Man, unmoored
Robert Redford is superb as a man lost at sea in a broken sailboat
Robert Redford’s superb performance, most of it wordless, is the dramatic heart and soul of J. C. Chandor’s astonishing little lost-at-sea epic.
But while Redford’s solitary mariner is the film’s lone character, All Is Lost is no one-man show. Instead, it’s a tour de force of filmmaking, an inspired collaboration of Redford and writer-director Chandor working in concert with a gifted crew—Frank G. DeMarco, director of photography; Peter Zuccarini, director of underwater photography; editor Pete Beaudreau; Alex Ebert, music; John P. Goldsmith, production designer; and Bob Munroe, visual-effects supervisor.
The story is simple enough: A man is struggling to survive in a sinking sailboat somewhere far from land in the Indian Ocean. The action is fast and furious throughout, but Chandor and company never lose sight of the story’s intertwined dramas—the physical battle against the elements and the more intimate one of a not-quite-lost soul facing the escalating evidence of his own insignificance.

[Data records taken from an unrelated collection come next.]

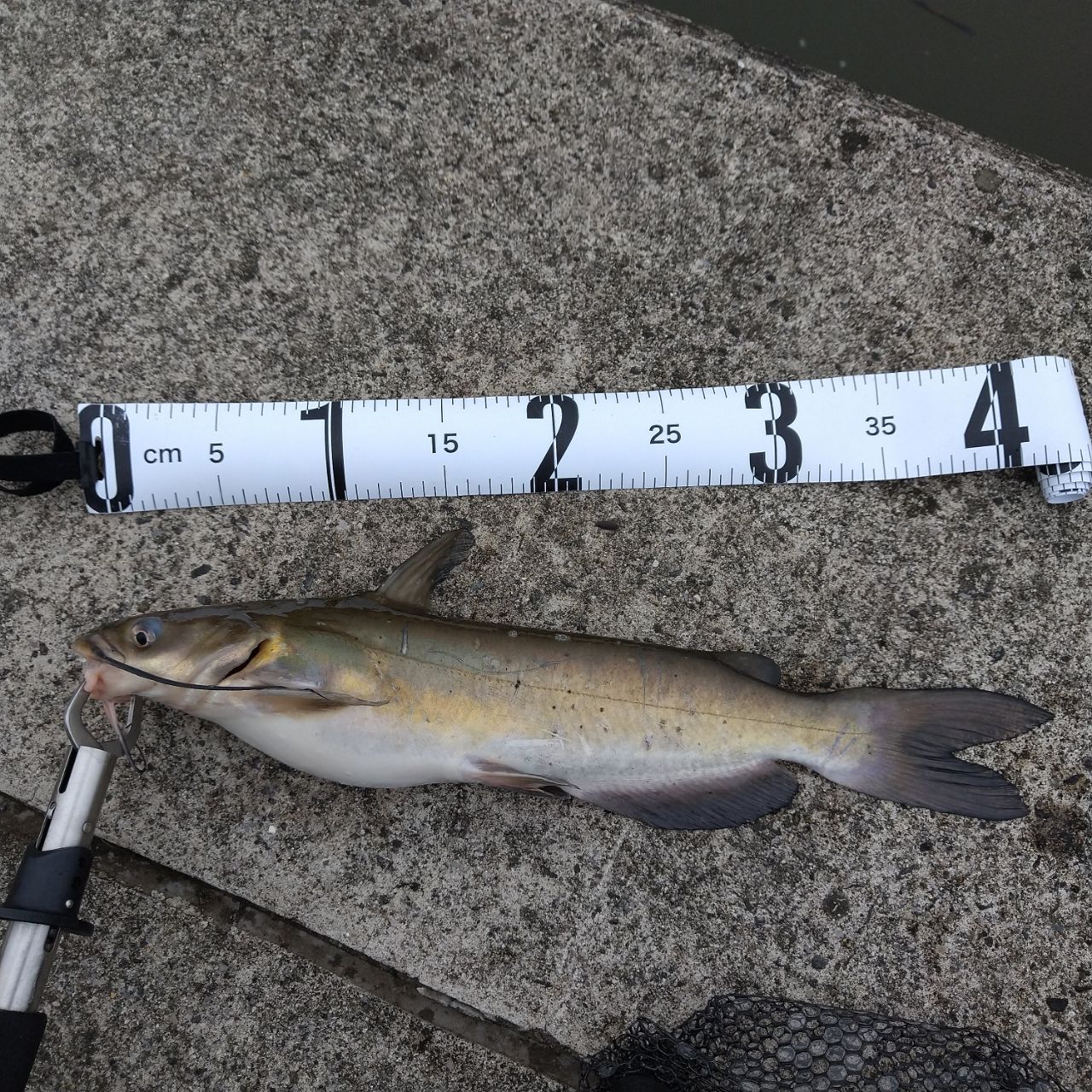 アメリカナマズ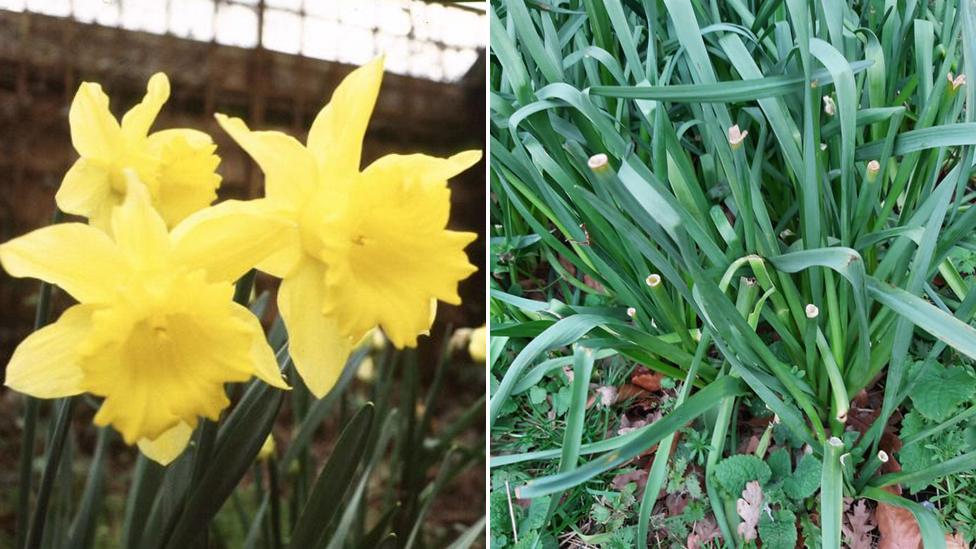 Daffodils on right; flowerless plants on right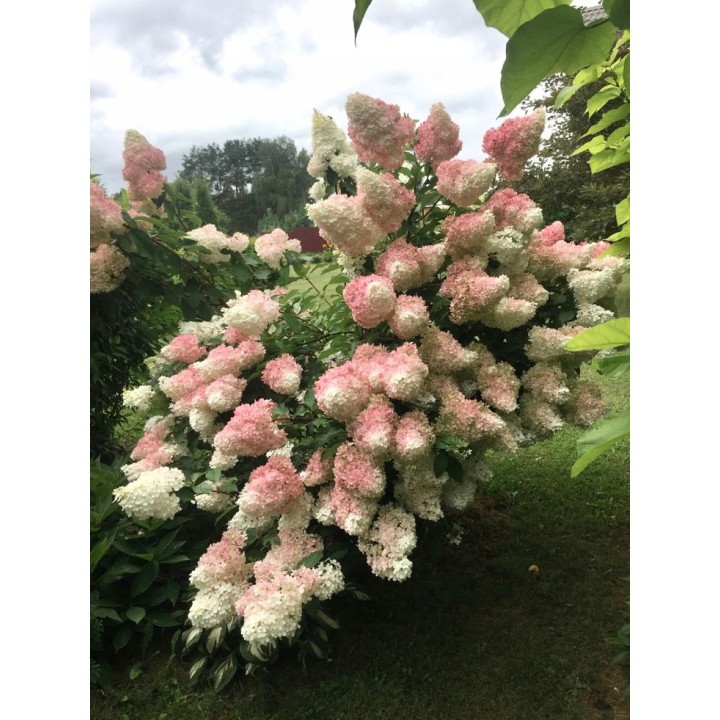 Hortensja Bukietowa VANILLA FRAISE DUŻA Sadzonka NOWOŚĆ!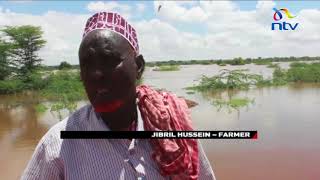 Floods in Mandera have completely destroyed most farms [upl. by Eiramlirpa]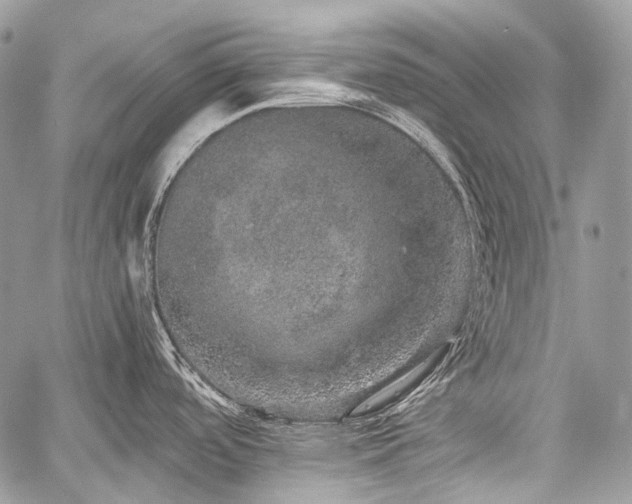 X0000059241488200510171418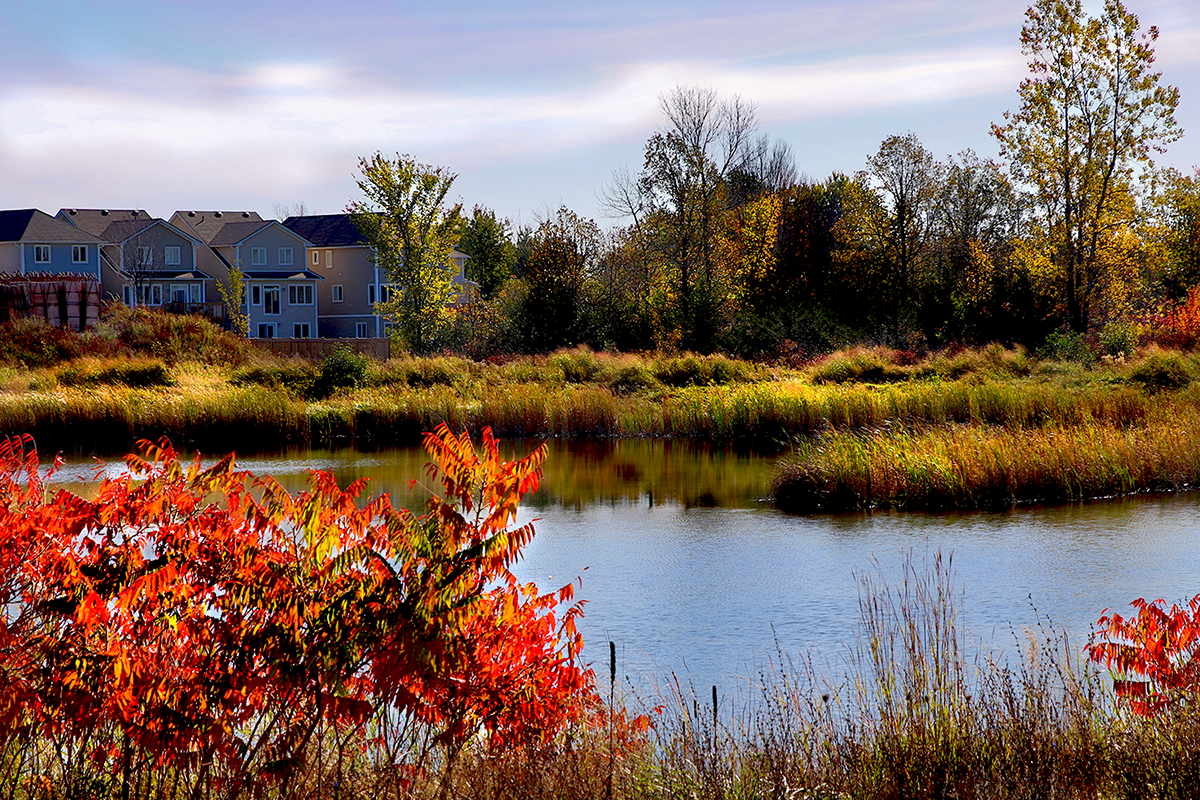 Woodhaven_West_Pond_Small.png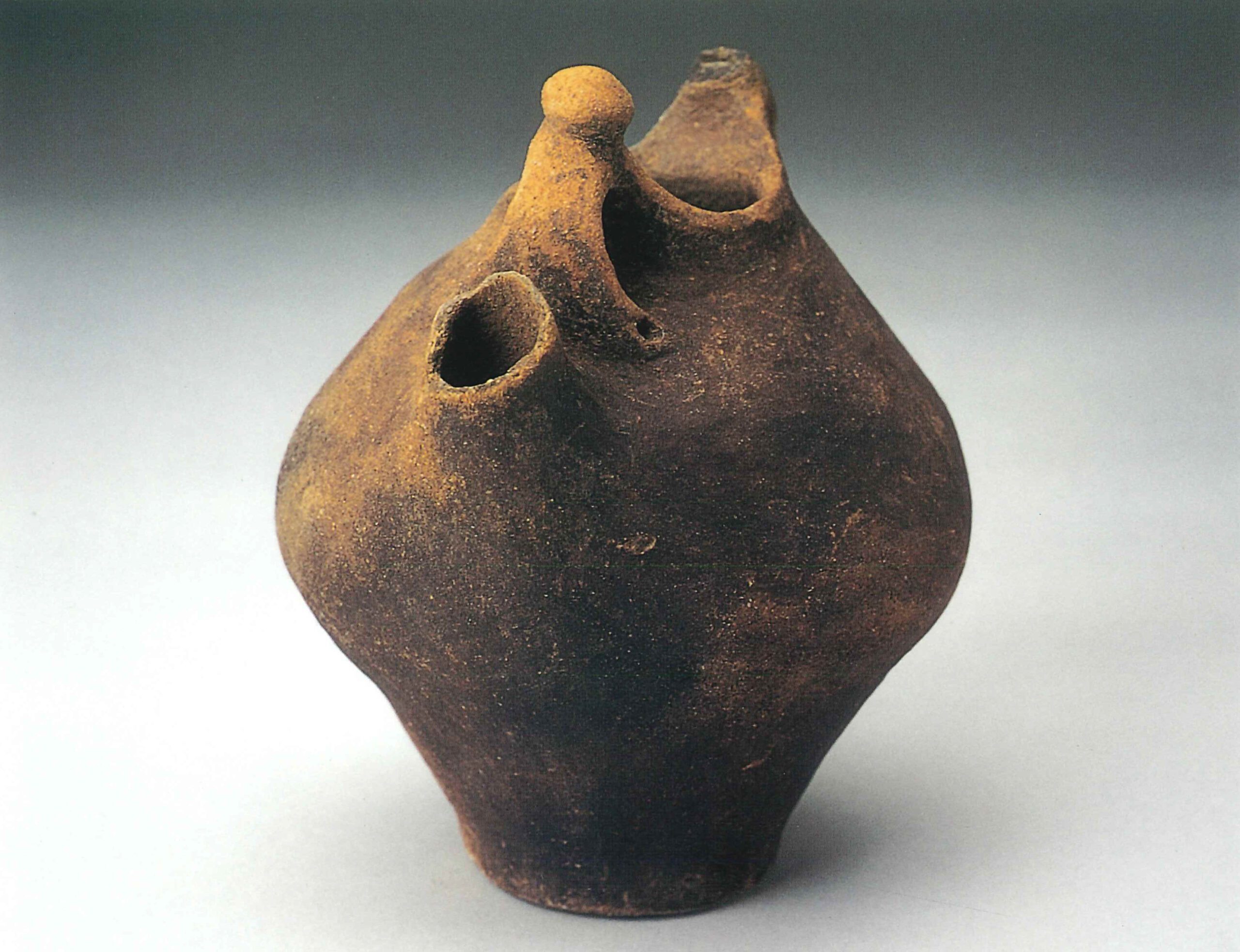 浜平岩蔭はまだいらいわかげ／入波沢西にっぱざわにし／入波沢東にっぱざわひがし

The Redford character’s last testament, heard as a voiceover monologue at the outset and seen as a message-in-a-bottle set adrift near the end, does multifaceted duty as back-story, confession, apology, and revised, hard-earned credo. (By my lights, Redford’s ancient mariner is an angry, alienated misanthrope whose colossal and solitary misadventure brings him back to an unexpected connection with all things, all life.)
By the finish, the ocean, the weather, and all marine life have become characters in this tale as well. And there are villains (of a sort), too—a derelict freight container that crashes into the sailboat, and assorted ships too big to notice a lone man in a life raft.